_TASK INSTRUCTIONS:_
The reply should contain only the lines from the start of the records through the line with "SDS2-3MS DRO SINO", reproduced verbatim and without pictures.
___ DATASET CONTENT ___
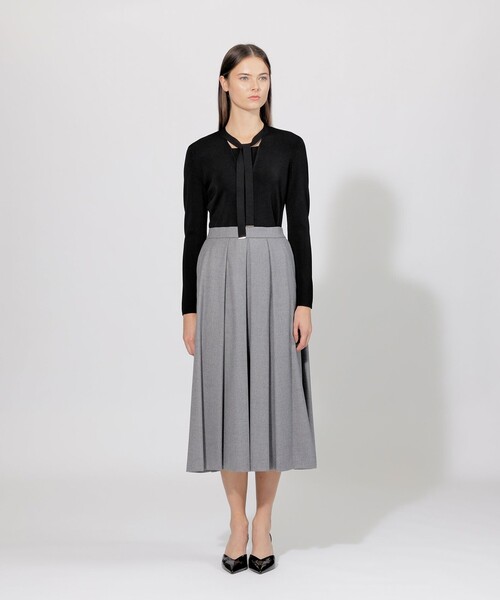 EPOCA(エポカ)の「ウールフラノ フレアスカート(スカート・レディース・グレー系その他/ネイビー/オフホワイト・38/40)」の11枚目の写真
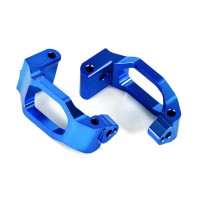 TRAXXAS - ETRIER FUSEES GAUCHE/DROITE ALU ANODISEES BLEU X2 - MAXX 8932X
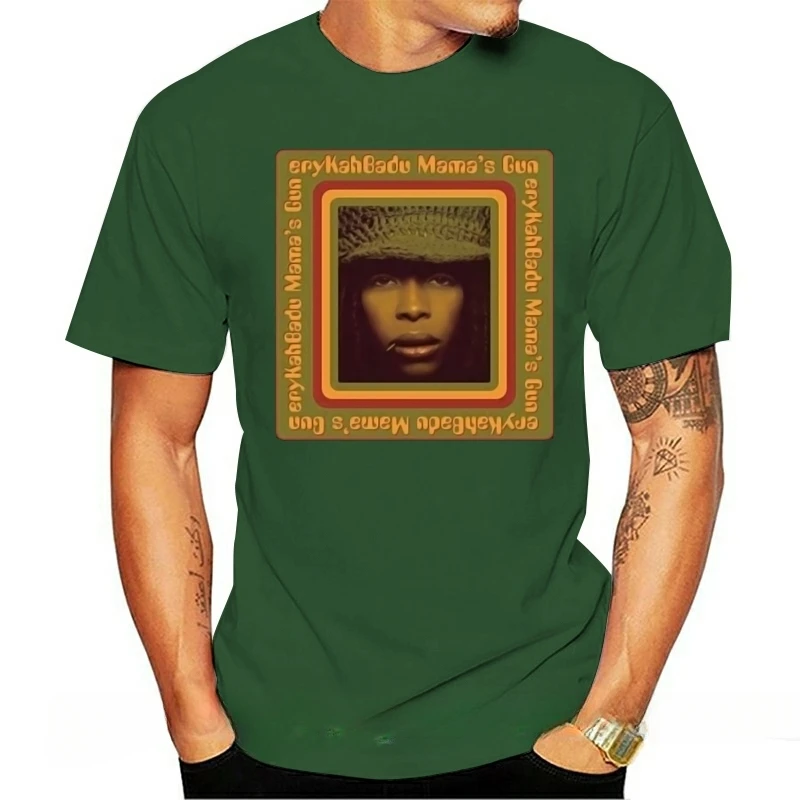 

Мужская Новая одежда, летняя новая футболка Erykah Badu 2, новая футболка европейского размера Em1 для спортзалов и фитнеса, модная футболка, брендовая футболка из хлопка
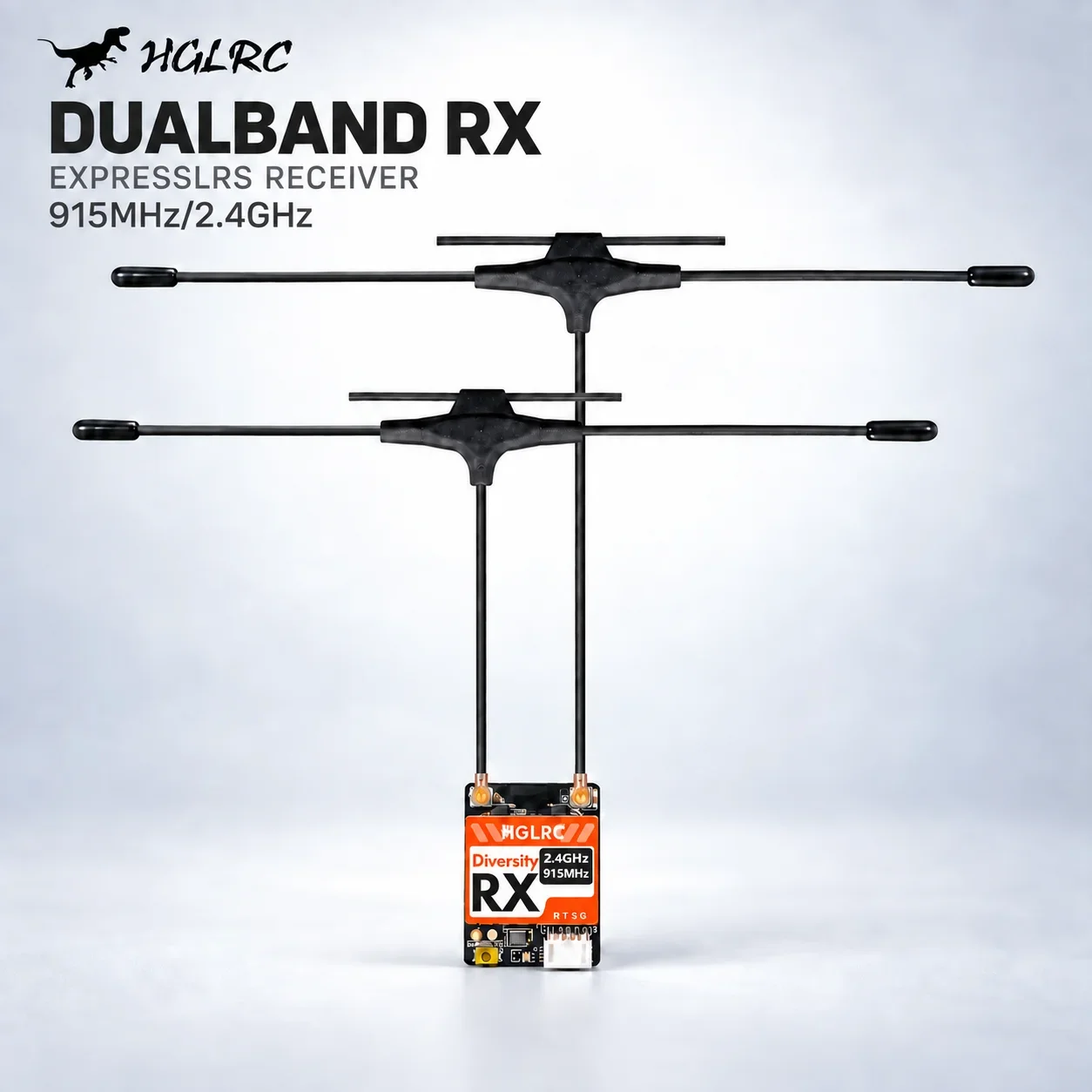 Drone Antenna - Ricevitore HGLRC Dualband RX ExpressLRS 915MHz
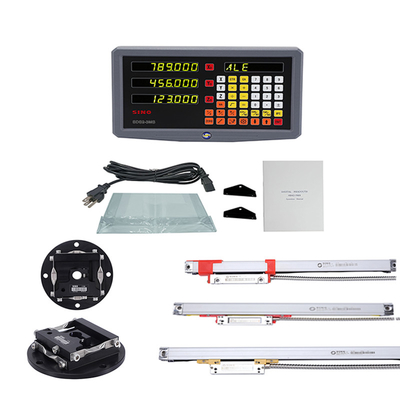 SDS2-3MS DRO SINO Display de leitura digital com display numérico de 3 coordenadas para máquina de perforação de moagem de torno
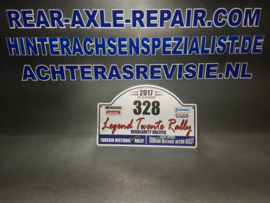 Rallyschild Legend Twente rally uit 2017.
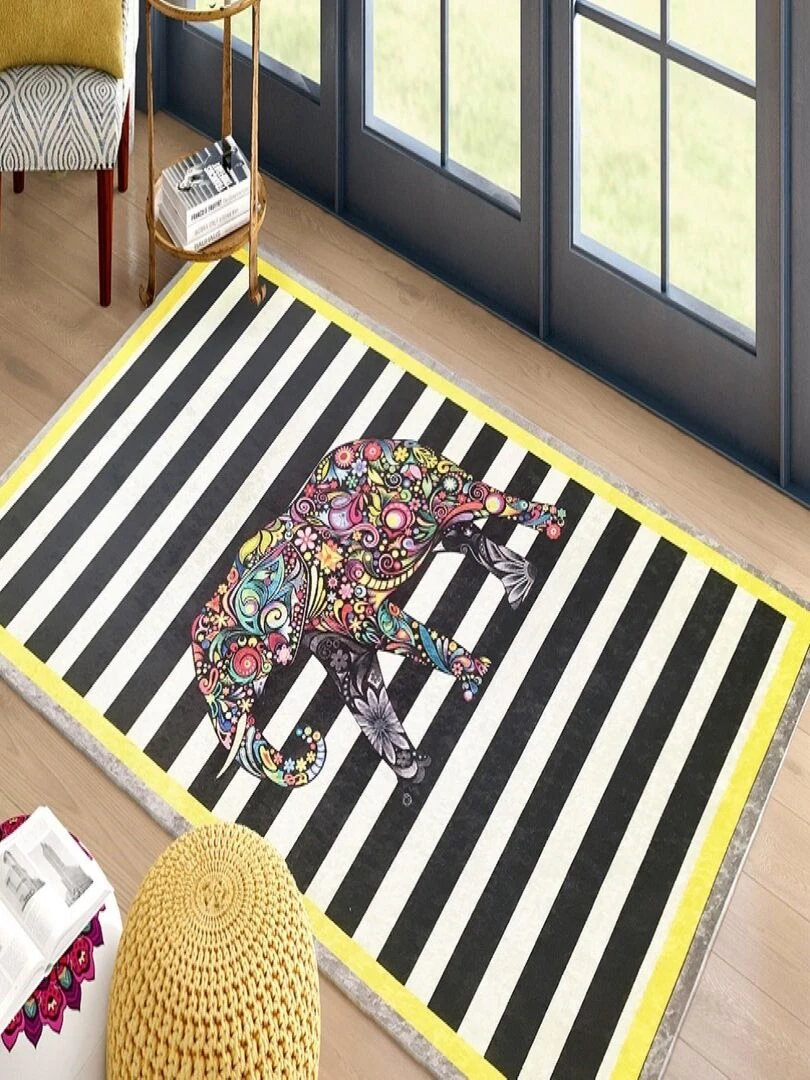 Tapis Gan Jaune Jaune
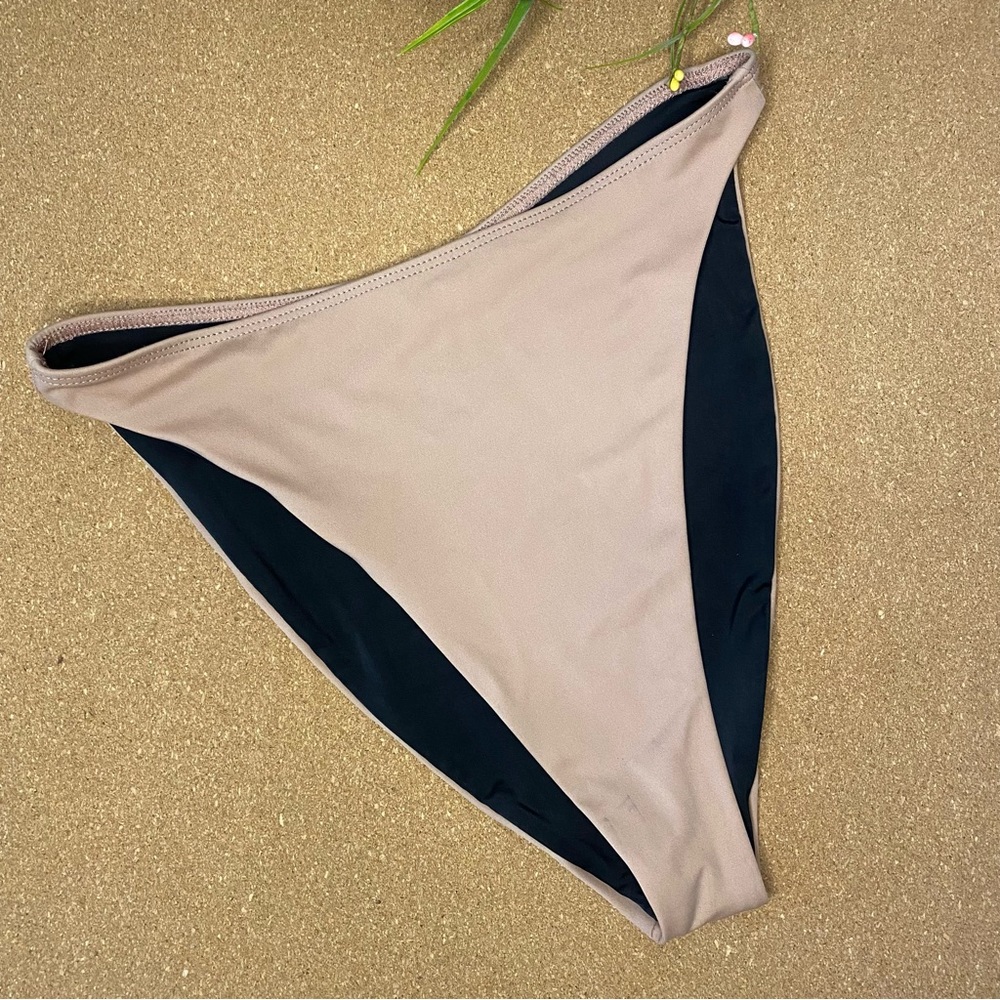 Beach Riot Bikini Bathing Suit Bottoms brown Size M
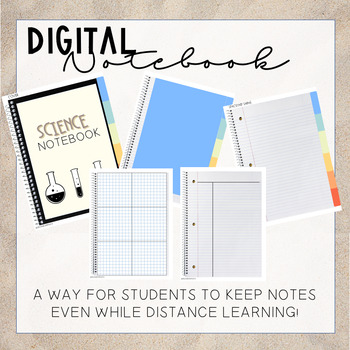 Preview of Digital Notebooks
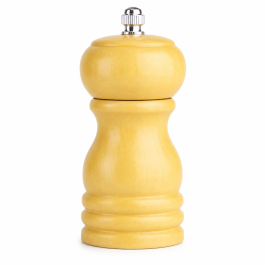 Moulin à sel - Mécanisme de broyage en céramique - Bois naturel - H 11,3 cm - G-Line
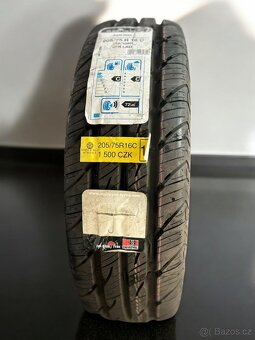 Nejeté letní pneumatiky Uniroyal 205/75r16C - 2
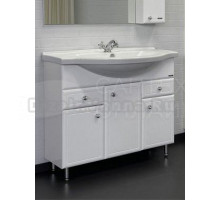 Тумба с раковиной Comforty Сочи 100 напольная, белый глянец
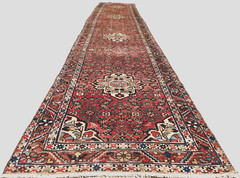 2’9″x13’9″ ANTIQUE HAND KNOTTED CAUCASIAN TABRIZi SERAPE TRIBAL WOOL RUG RUNNER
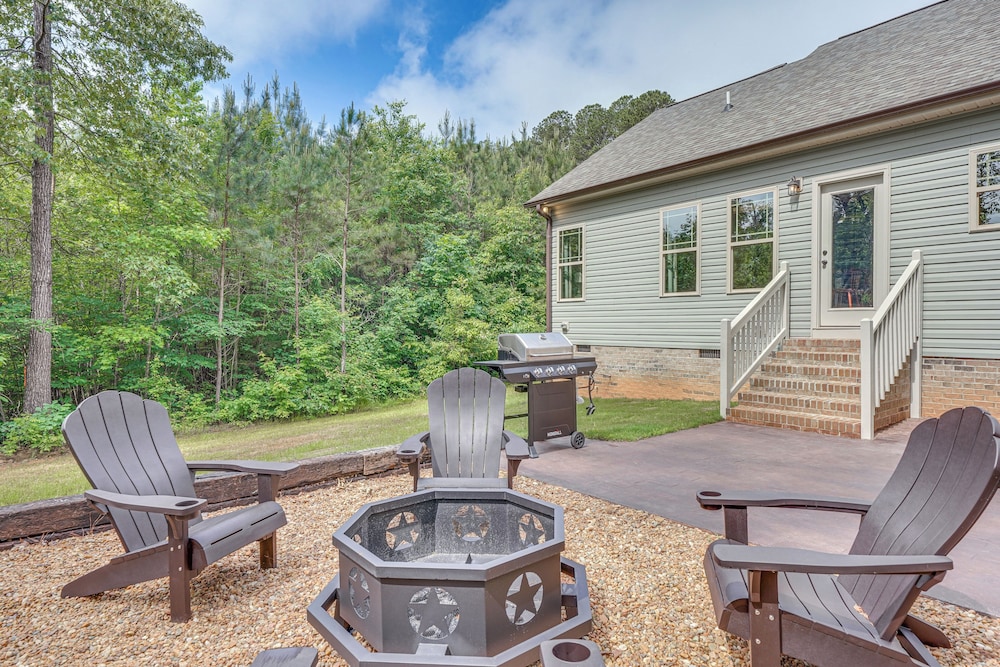 Walk to Lake Gaston: Family Home w/ Yard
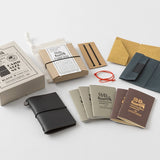 Traveler's Notebook Edycja Limitowana Card size | 20th Anniversary | Czarny
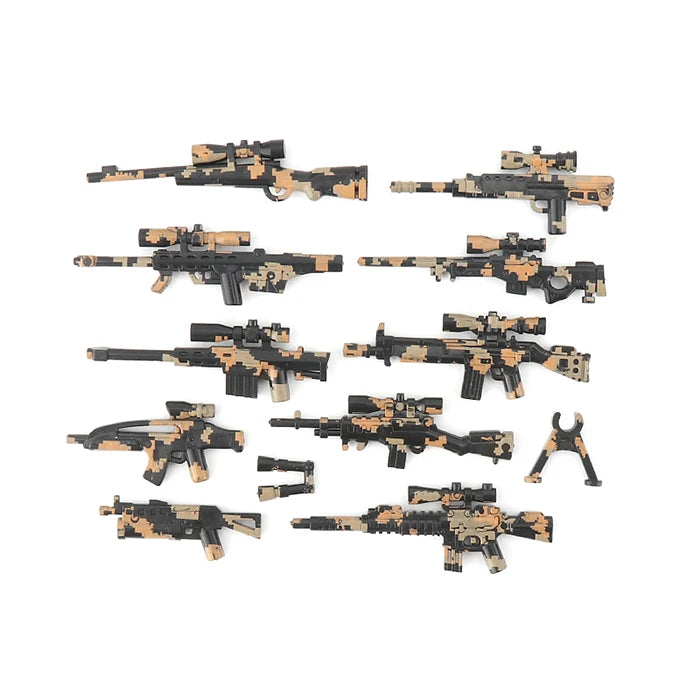 Military Weapons Guns Mortar Special Forces Police SWAT Gangster Jeeps Off-Road Armored Vehicle Model Soldier Building Block Toy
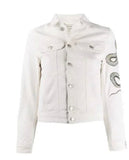 Zadig and Voltaire kioky stretch denim snake embroidered jacket size M medium ladies
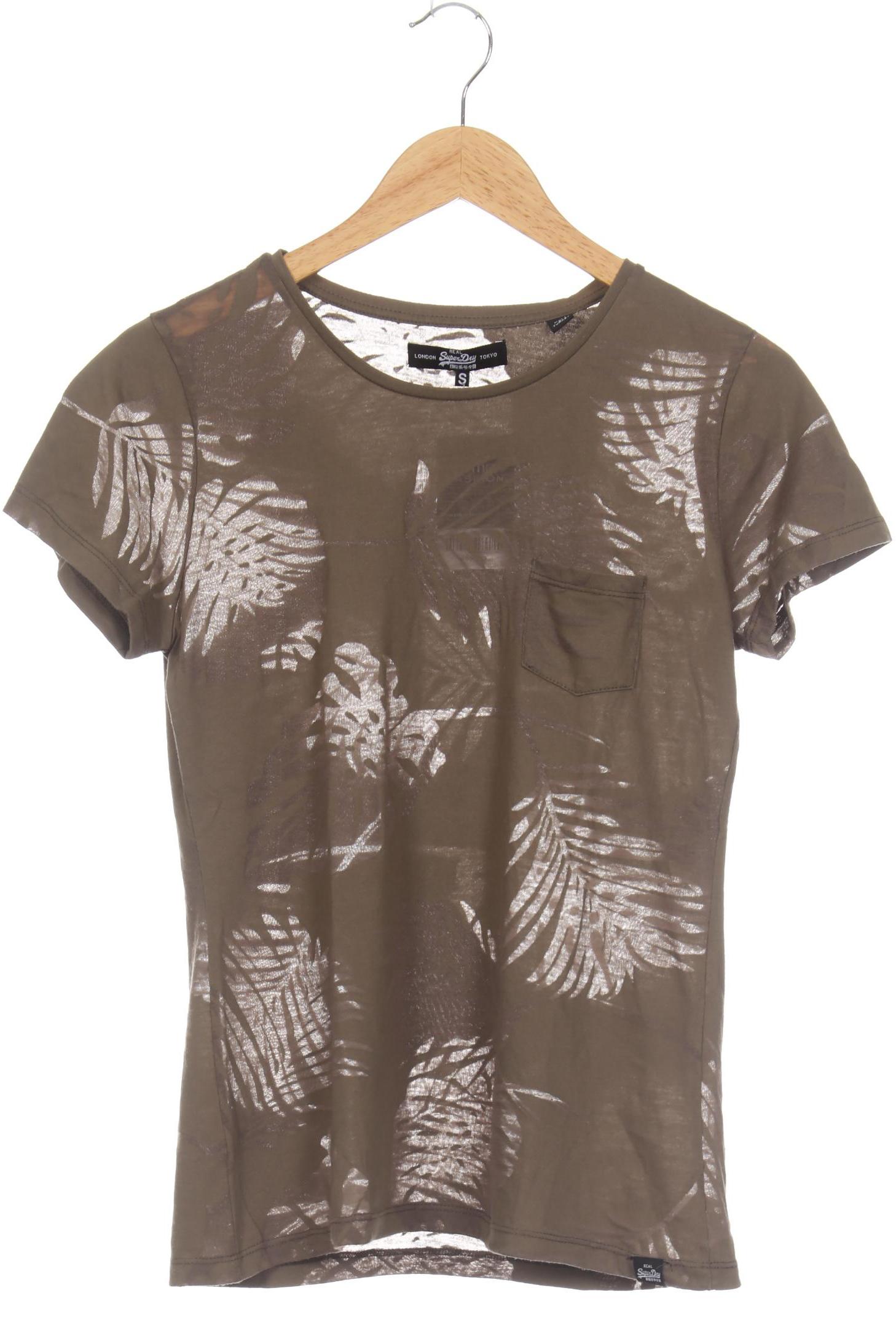 

Superdry Damen T-Shirt, braun, Gr.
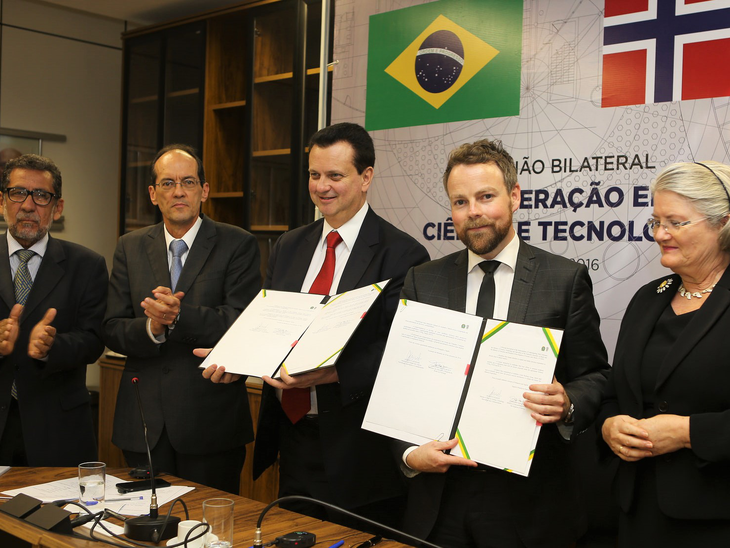 Brasil e Noruega renovam compromisso de cooperação em pesquisa científica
___
_OUTPUT OF THE EXERCISE:_
 EPOCA(エポカ)の「ウールフラノ フレアスカート(スカート・レディース・グレー系その他/ネイビー/オフホワイト・38/40)」の11枚目の写真
 TRAXXAS - ETRIER FUSEES GAUCHE/DROITE ALU ANODISEES BLEU X2 - MAXX 8932X

Мужская Новая одежда, летняя новая футболка Erykah Badu 2, новая футболка европейского размера Em1 для спортзалов и фитнеса, модная футболка, брендовая футболка из хлопка
 Drone Antenna - Ricevitore HGLRC Dualband RX ExpressLRS 915MHz
 SDS2-3MS DRO SINO Display de leitura digital com display numérico de 3 coordenadas para máquina de perforação de moagem de torno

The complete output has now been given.